» **EXERCISE BRIEF**
Print all of the data exactly, but drop the pictures.
[[ DATA SEGMENT, beginning ]]
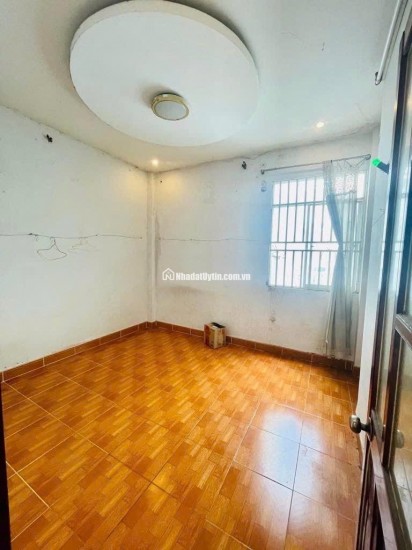 BÁN NHÀ HẺM XE HƠI THÔNG DTCN 40M2 4 TẦNG BTCT NHỈNH 5TỶ

 - Kết cấu: Trệt 3 lầu, gồm 4PN, 3wc, 2 sân thượng trước sau. Sàn BTCT

 - Hẻm xe hơi
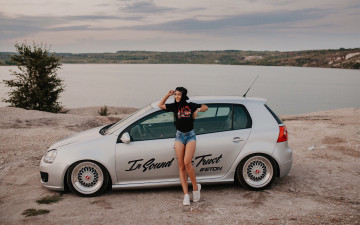 Картинка автомобили -авто+с+девушками volkswagen golf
[[ DATA SEGMENT, end ]]
» **WRITTEN RESPONSE**
 BÁN NHÀ HẺM XE HƠI THÔNG DTCN 40M2 4 TẦNG BTCT NHỈNH 5TỶ

 - Kết cấu: Trệt 3 lầu, gồm 4PN, 3wc, 2 sân thượng trước sau. Sàn BTCT

 - Hẻm xe hơi
 Картинка автомобили -авто+с+девушками volkswagen golf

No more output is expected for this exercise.